Mostra bagnata, mostra fortunata, dicono…
Certo è che il tempo, quel giorno di fine novembre, fece di tutto per dissuadermi dal visitare la mostra di patchwork a Bassano del Grappa.
Una pioggia stizzosa, condita da un vento dispettoso che rendeva inutile anche l’ombrello, prometteva di trasformare quella gita in una prova di sopravvivenza.
Si sa però che noi quilter abbiamo la testa dura: se mostra era prevista, mostra doveva essere, costi quel che costi.
Giunsi così, bagnata come un pulcino, a Palazzo Bonaguro che, per soprammercato, è all’altro capo di Bassano rispetto alla stazione ferroviaria.
Appena entrata però mi riscaldai immediatamente. Sarà stato forse per la calorosa accoglienza di Giuliana e delle sue amiche, oppure per l’effetto che sempre mi fanno le grandi trapunte patchwork che, un po’ per la loro struttura, e un po’ per i loro colori, mi trasmettono sempre un senso di avvolgente tepore.
All’ingresso si veniva abbagliati (non trovo altro vocabolo) da uno stupendo lavoro collettivo, una serie di banner verticali realizzati con sole tre tinte: bianco, marrone e nero, ovviamente in tutte le loro sfumature.
Ogni quilter del gruppo aveva realizzato, negli stretti limiti imposti, un singolo banner, assecondando il suo particolare estro.

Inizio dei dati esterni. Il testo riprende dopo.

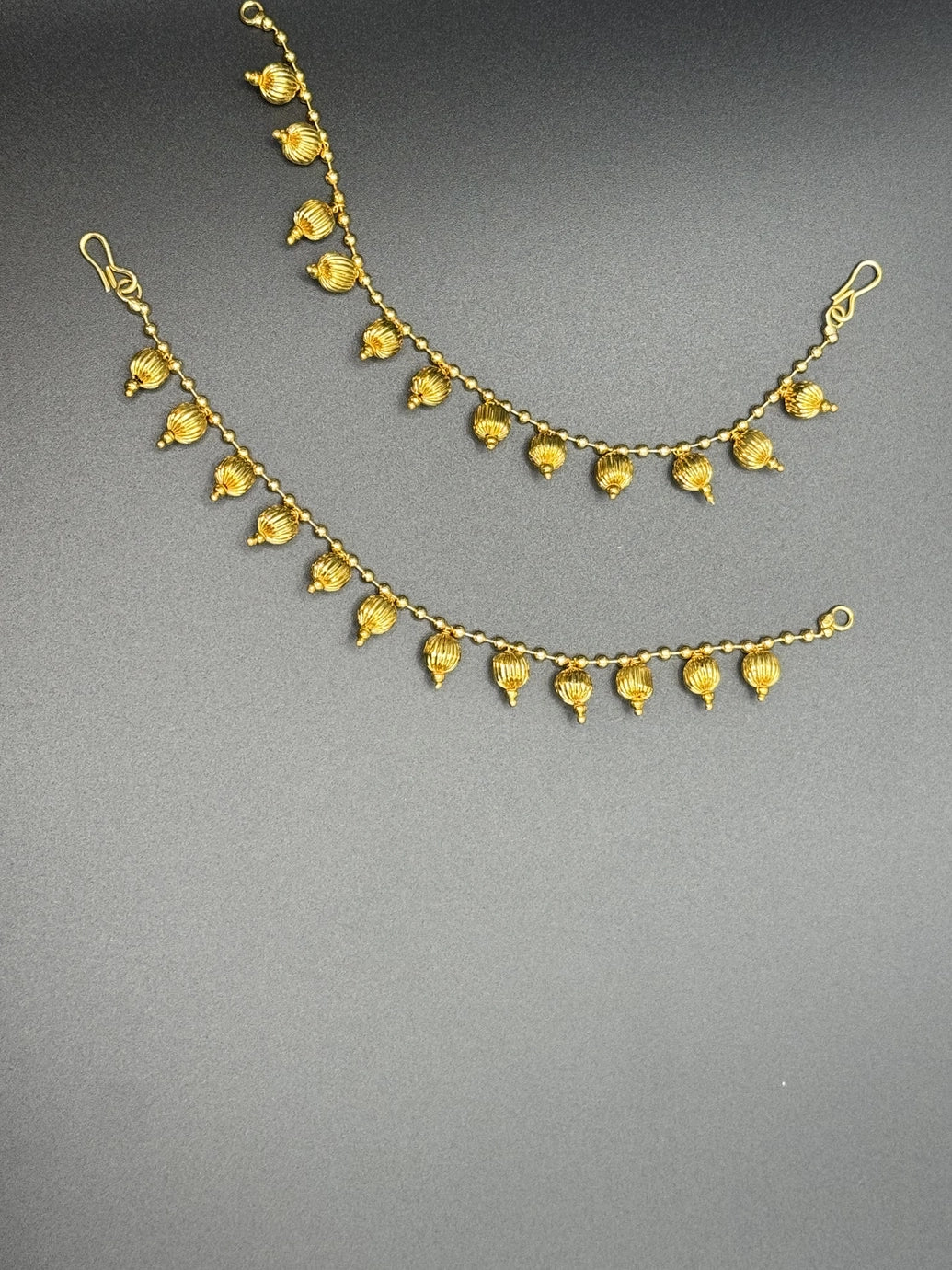 Gold-Tone Plated Traditional Ear Chain Maatal Pair for Women – 6 inch Jewelry JCS Fashions Gold 6 inch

Ne è risultata un’opera comunque bilanciata, armonica, che non si finirebbe mai di guardare, per scoprire ogni volta un nuovo dettaglio interessante ed inatteso.
Va da sé che erano esposti anche altri lavori interessanti, molti di stampo classico, estremamente impegnativi per dimensioni e tecniche impiegate.
Non che mancassero opere decisamente originali, come testimoniano un dettaglio ricavato da una coperta per un tifoso di calcio (indovinate di che squadra),
oppure questa semplice borsa “Betty Boop”, a riprova che, per creare cose carine, basta un po’ di gusto, un po’ di fantasia, ed un po’ di coraggio, il resto viene da sé.
Il tocco di pazzia, che non deve mancare mai, veniva fornito da questo allegro pannello di sapore un po’ fiabesco ed un po’ naif.
Come se non bastassero le difficoltà intrinseche a questa nostra passione (Hobby? Arte? Droga?), ci si è messa anche l’ambientazione non proprio favorevole, e posso solo immaginare i salti mortali che ha dovuto fare Giuliana (anche un po’ ammaccata per giunta) per riuscire a sistemare tutti questi grandi lavori in locali più adatti ad un’esposizione di numismatica che ad una mostra patchwork, e fare in modo che tutte le opere possano essere adeguatamente ammirate.
I particolari sottostanti testimoniano l’abilità che le amiche di Bassano si permettono di sfoggiare, un traguardo raggiungibile unicamente dopo anni e anni di paziente e tenace dedizione.
Ho notato con estremo piacere l’importanza data ai lavori di gruppo, composizioni collettive dove ognuna di loro ha lasciato la sua particolare impronta, a prescindere dalle inevitabili (ma non insormontabili) differenze di competenza tecnica. Ritengo che ciò sia di fondamentale importanza, per mantenere un senso di comunanza, e per stimolare la crescita individuale.
Dal passato è giunta fino a noi questa coperta del diciannovesimo secolo,
una specie di macchina del tempo che, in quest’epoca di gusti volubili, ci ricorda che, mentre le mode passano, il patchwork resta, e sempre resterà, a dimostrazione di cosa si può ottenere, impegnando fantasia e volontà, con dei semplici avanzi di stoffa.
Perché l’essenza del patchwork è questa: unire per dare forma, vita, voce, a entità altrimenti insignificanti, così vale per le semplici note che formano una sinfonia, le semplici piante che fanno un giardino, e le (non sempre) semplici scelte quotidiane che fanno una vita intera; l’abilità sta nel comporle in armonia, affinché “l’insieme sia diverso dalla somma delle parti”.